→ EXERCISE DETAILS
Would you please repeat exactly the entries below, starting at the line with "De Los Santos" and ending at the line with "Entrega de Premio", and nothing outside that range? Leave out the pictures.

** Opening DATA TO EXAMINE block **

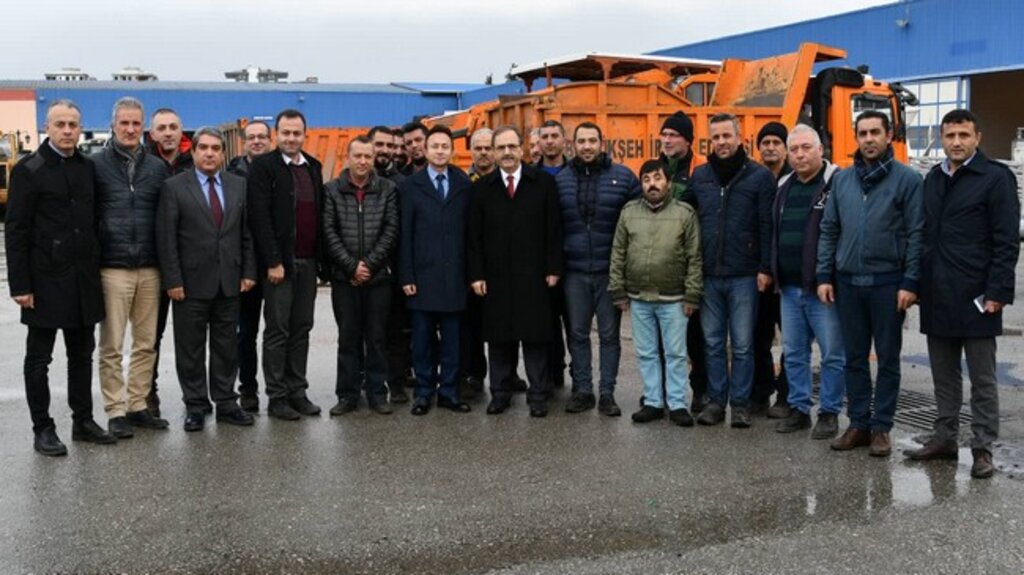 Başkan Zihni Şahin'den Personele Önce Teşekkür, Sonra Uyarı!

** Closing DATA TO EXAMINE block **
** Opening DATA TO EXAMINE block **

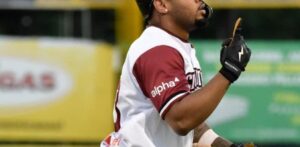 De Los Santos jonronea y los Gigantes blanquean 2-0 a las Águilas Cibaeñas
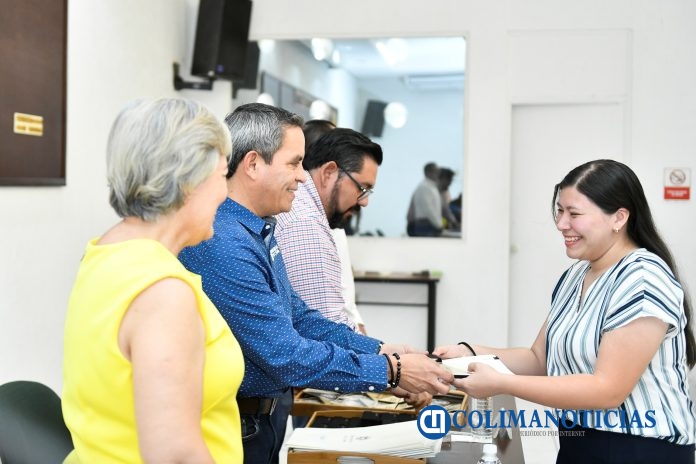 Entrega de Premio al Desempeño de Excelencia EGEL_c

** Closing DATA TO EXAMINE block **
** Opening DATA TO EXAMINE block **

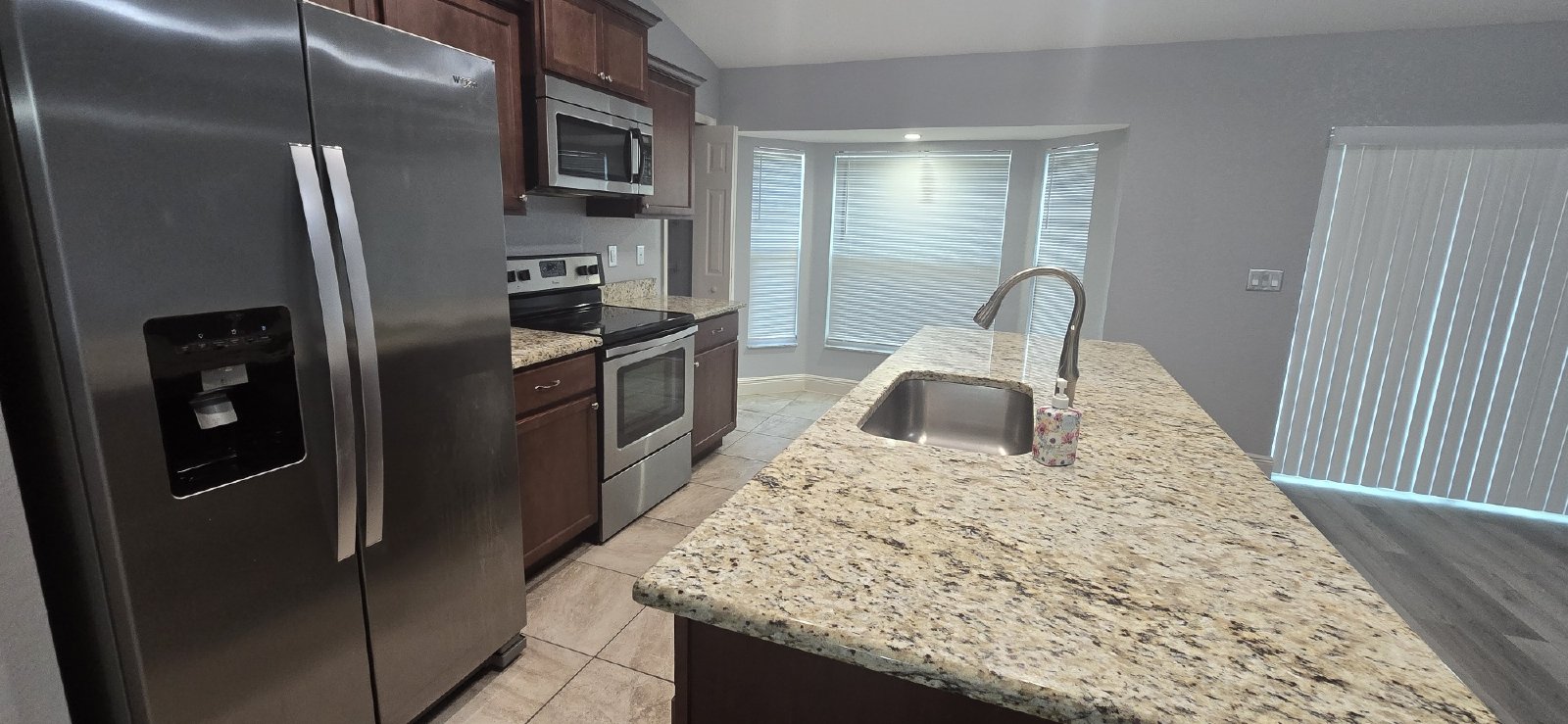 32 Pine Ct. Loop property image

** Closing DATA TO EXAMINE block **

→ COMPLETED EXERCISE
 De Los Santos jonronea y los Gigantes blanquean 2-0 a las Águilas Cibaeñas
 Entrega de Premio al Desempeño de Excelencia EGEL_c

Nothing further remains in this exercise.